On Thu, Sep 23, 2010 at 9:20 PM, William A. Rowe Jr. <wr...@apache.org> wrote:
> On 9/23/2010 11:13 PM, Martin Cooper wrote:
>> The other thing I'd say is that the answers to these questions are
>> going to depend a lot on the particular developers in question. A
>> couple of people have commented here on how great it is to be able to
>> dig in and find the root cause of a bug, and even fix it. That's great
>> for us open source nuts. But the vast majority of developers don't
>> give a hoot about why a tool or library or whatever doesn't work,
>> whether it's open source or not - they just want it to work.
>
> See, that's the difference.

Well, yes and no. The question was about those who use or work with
open source, as I understand it.
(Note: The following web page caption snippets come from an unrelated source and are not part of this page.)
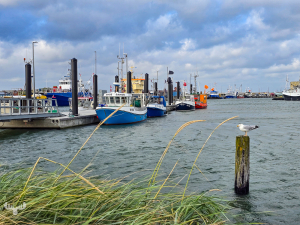 145111 - Gull on pole in Hvide Sande harbor with fishing boats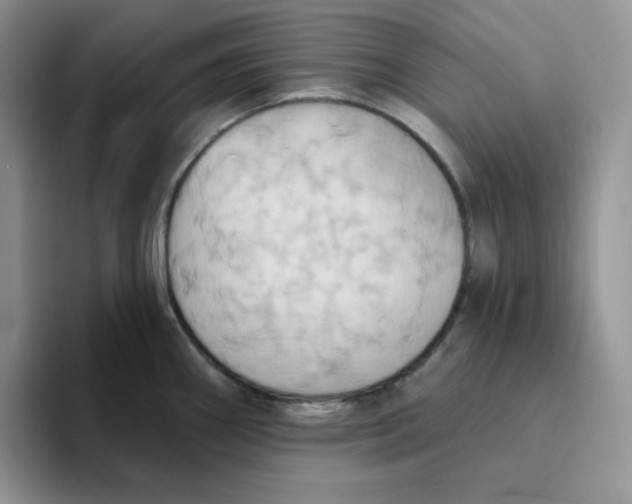 X0000093521290200711091733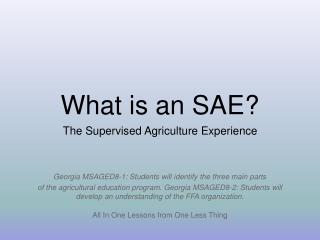 What is an SAE?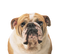 Bulldog PNG Clipart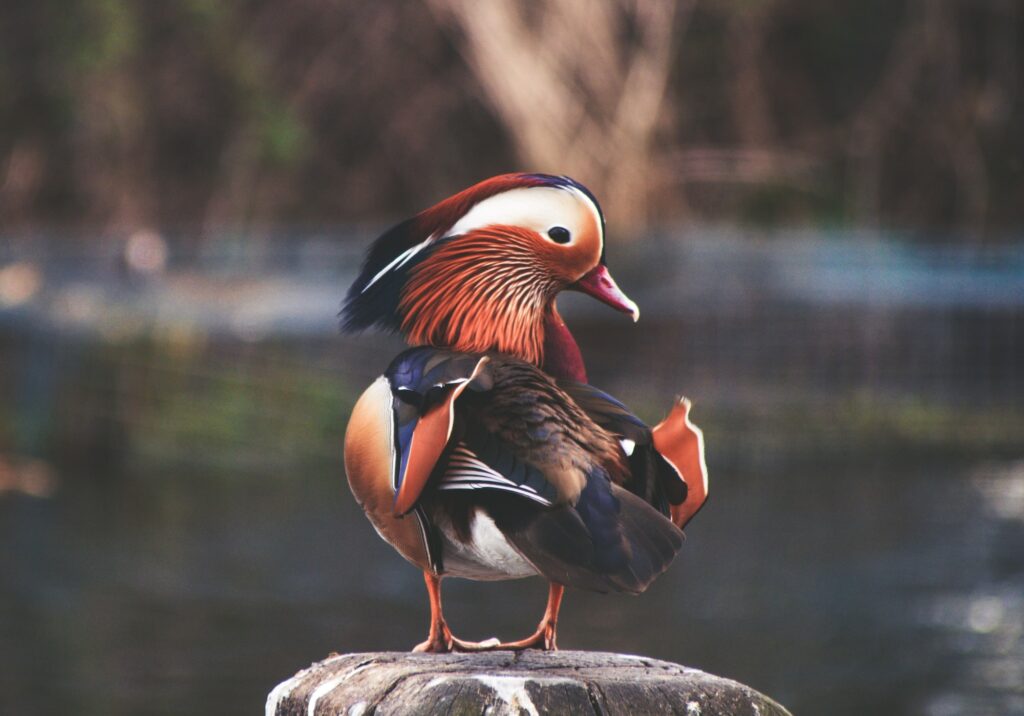 Hyde Park is filled with wildlife throughout the year. Photo: Paolo Nicolello/Unsplash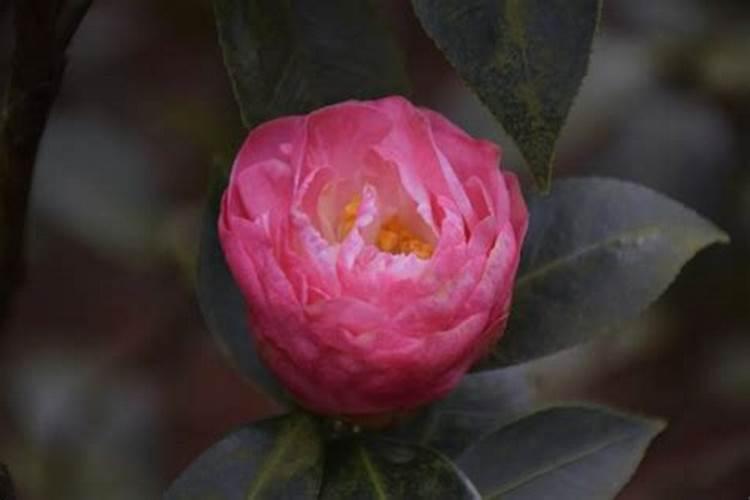 茶花长芽如何施肥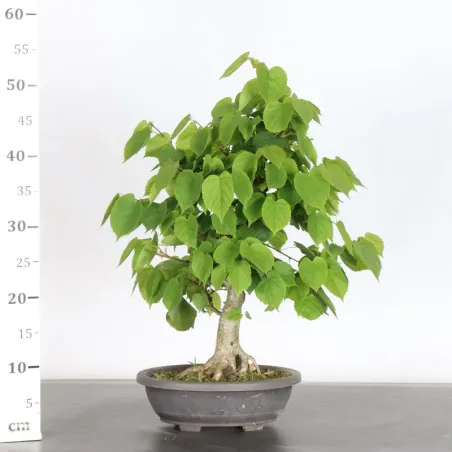 image supplémentaire - BONSAI LINDEN "TILIA" 2-1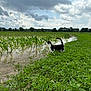 animal, black_and_white_cat, cat, clouds, cloudy_sky, corn_field, curious, daylight, field, flooded_field, grass, greenery, landscape, nature, outdoor, plants, rural, standing, vegetation, water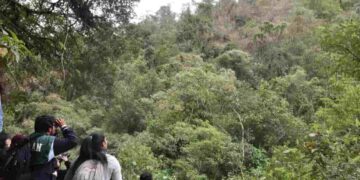 Yaku celebra 20 años: un fin de semana de música, sabores y naturaleza para vivir con todos los sentidos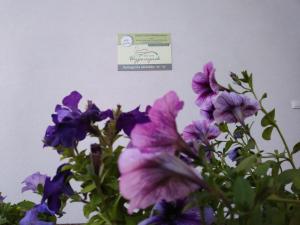 Agroturystyka Struzka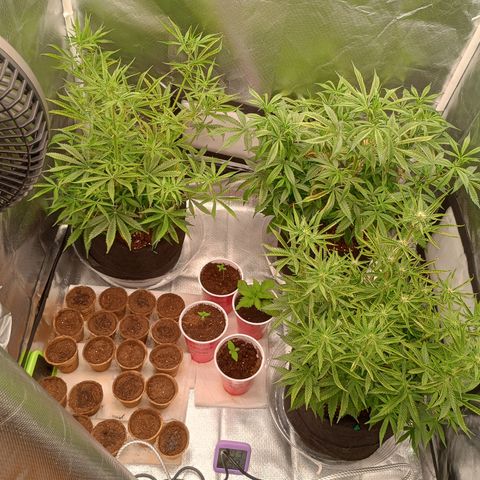 Orion growlog timeline photo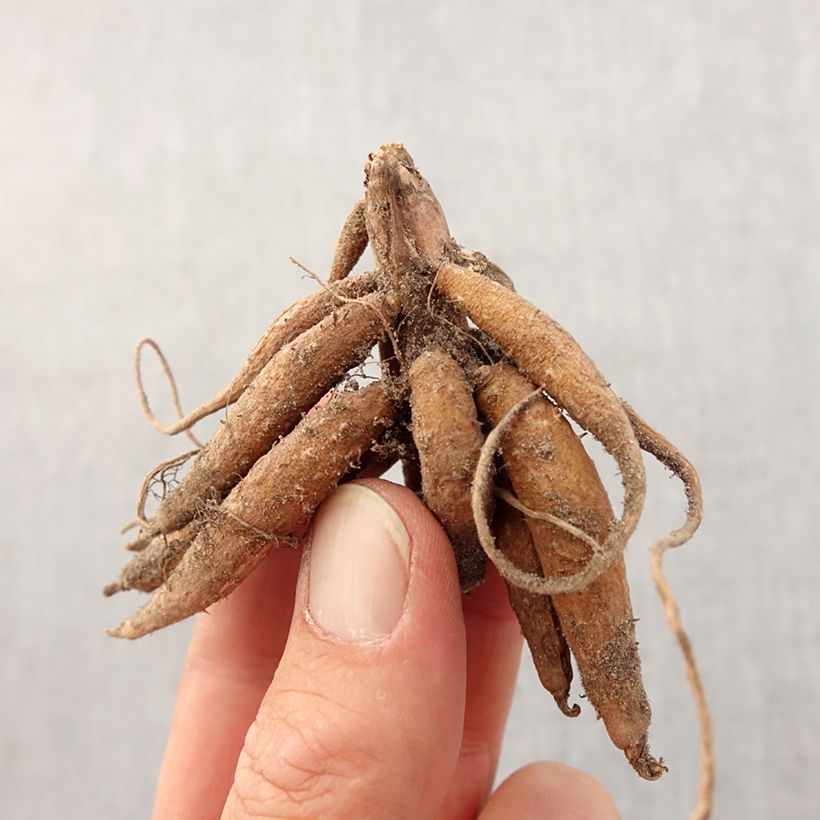 Example of Roscoea purpurea Bulbe calibre I as you get in printemps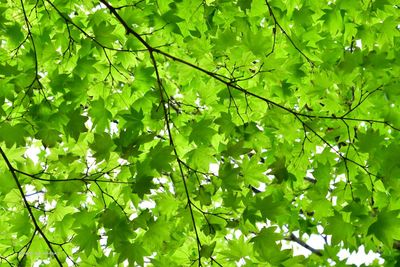 Low angle view of leaves on tree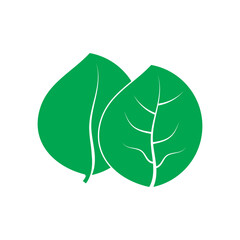 Leaf logo template is unique, attractive and simple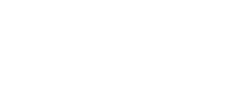 Brahman Commodities Logo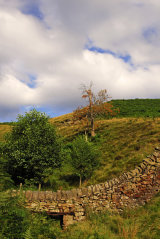 Drystone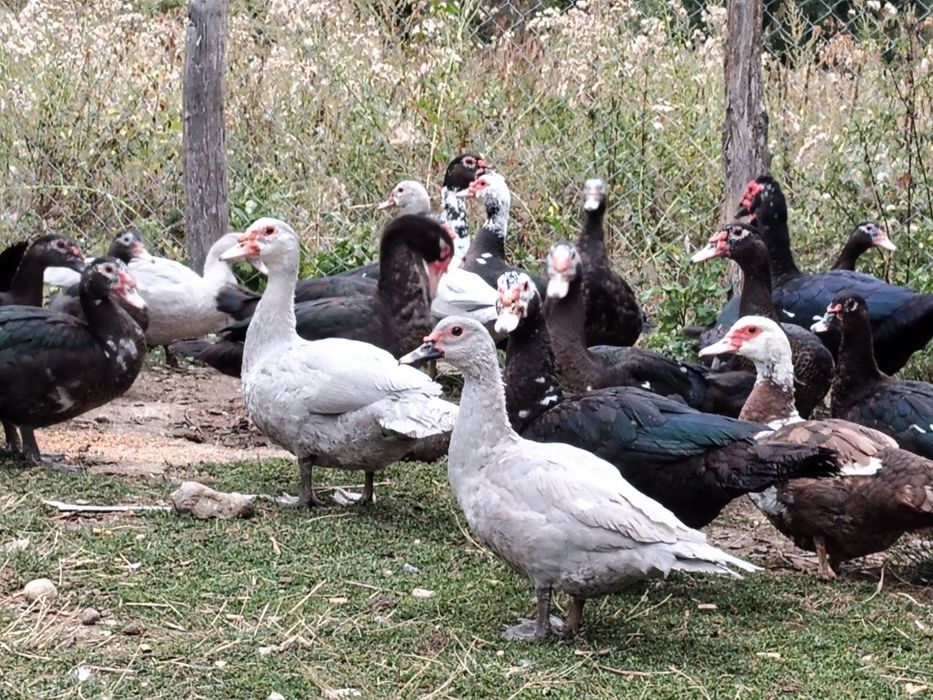 Rațe leșești mute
Whether those same people
_appreciate_ open source is somewhat different. (Or are you telling me
that I must not appreciate open source because I do have "ifs"
attached to where in the code I'll go, and won't dig in to fix a Linux
bug?)

Likewise, those who just need a dependency to work are not necessarily
depending on a vendor to fix it. It may be an open source dependency
and they may not have the time, the inclination, or the leeway from
their legal department, to fix it themselves.

--
Martin Cooper


> The folks who appreciate open source are getting their code to work,
> no if's and's or but's.
>
> The folks who rely on a vendor to Just Fix It and really couldn't care
> if they are off to another project (or doing nothing) for a few weeks
> aren't in the market for the sources of their tooling.